Criteria for Good Lexicography

* Quantity:

o Completeness of coverage:

+ extensional coverage: number of entries

+ intensional coverage: number of types of lexical information

* Quality:

o Correctness of information:

+ Types of lexical information

o Consistency of structure:

+ Macrostructure

+ Microstructure

+ Mesostructure

Quizes & Answers

  • 1. What is a KWIC concordance?

    A KWIC (KeyWord In Context) concordance is a special kind of preliminary, corpusbased dictionary:
    - each word in a text corpus is paired with its contexts of occurence in this corpus .

    Google is a special form of KWIC concordance.

  • 2. Which are the two main components of lexicon construction based on empirical data?

    Information retrieval and Linguistic analysis.

  • 3. Which layers of abstraction are involved in corpus acquisition?

    Layer 1: Primary data (audio / video recordingand
    Layer 2: Secondary data (transcription, annotation, metadata)

  • 4. Which layers of abstraction are involved in lexicon construction? Describe them.

    Layer 1: Corpus lexicon (wordlist, concordance).
    Layer 2: Lexicon matrix (entries x data categories, no generalisations).
    Layer 3: Lexicon with selected generalisations (procedurally optimised: semasiological, onomasiological)

  • 5. Which layer do standard dictionary types typically belong to?

    Layer 3: Lexicon with selected generalisations (procedurally optimised: semasiological, onomasiological)

  • 6. What are the 6 main steps in KWIC concordance construction?
    • Corpus creation/collation - get the corpus, e.g. texts.
    • Tokenisation - normalising text, e.g. change upper case letters into lowercase letters, remove punnctuation marks (end of the sentence vs. abbreviation), deal with numbers.
    • Keywordlist extraction - create a list of words that occur in the text.
    • Context collation - pick contex unit, e.g. the keyword in context of three words on the left side and three words on the right side.
    • Keyword search - look for the key word in context.
    • Output formatting - make the output look nice and understandable to the user.
  • 7. In which programming languages could the concordance software be implemented?

    Perl, Unix shell script, Python or LaTeX formatting language

  • 8. What are the problems with the demonstration software which need to be removed in a later realistic project?

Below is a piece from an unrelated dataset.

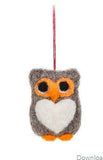 Felt Owl with Heart Ornament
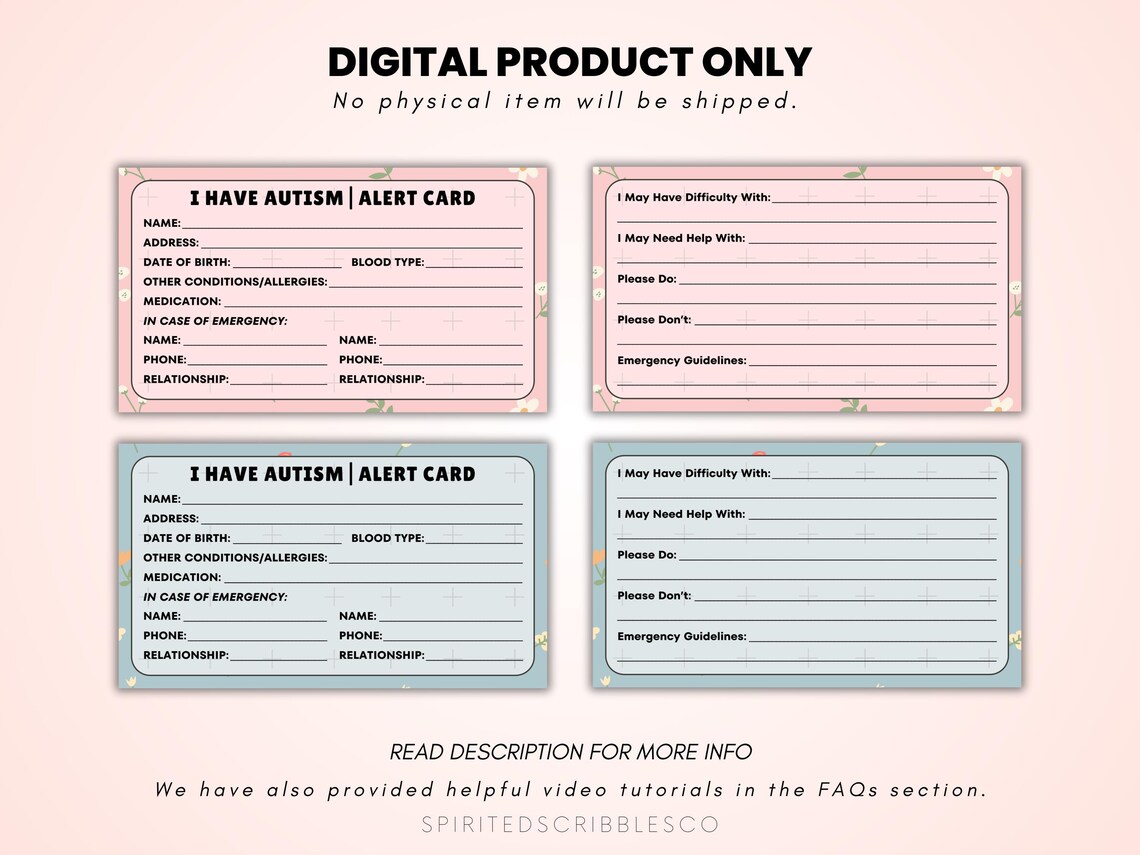 Printable Autism Alert Card Medical ID Ice Tag Emergency Safety ...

    The program will have to allow flexible handling of contexts and filenames, treat more than one text, have modular structure/ogranisation.

9. The Status of Dictionaries

The dictionary is

  • one of the three main components of language documentation:
    • corpus of recordings and texts
    • dictionary
    • sketch grammar
  • the central component of any linguistic description
  • the most useful linguistic product for use by the speech community, or non-linguists in general.

All above are quoted from the notes of the lecture given by Dr. Gibbon.

Evaluation

This lecture, as pronounced at the very beginning, is really very difficult, not only because computational linguistics is completely new to me, but also because there are many new glossaries to learn by heart.

Reference

  • Gibbon, Dafydd. "Computational Lexicography." 14.01.2008. University of Bielefeld. 15.01.2008 <http://wwwhomes.uni-bielefeld.de/~gibbon/Classes/Classes2007WS/HTMD/htmd10-computationallexicography.pdf>.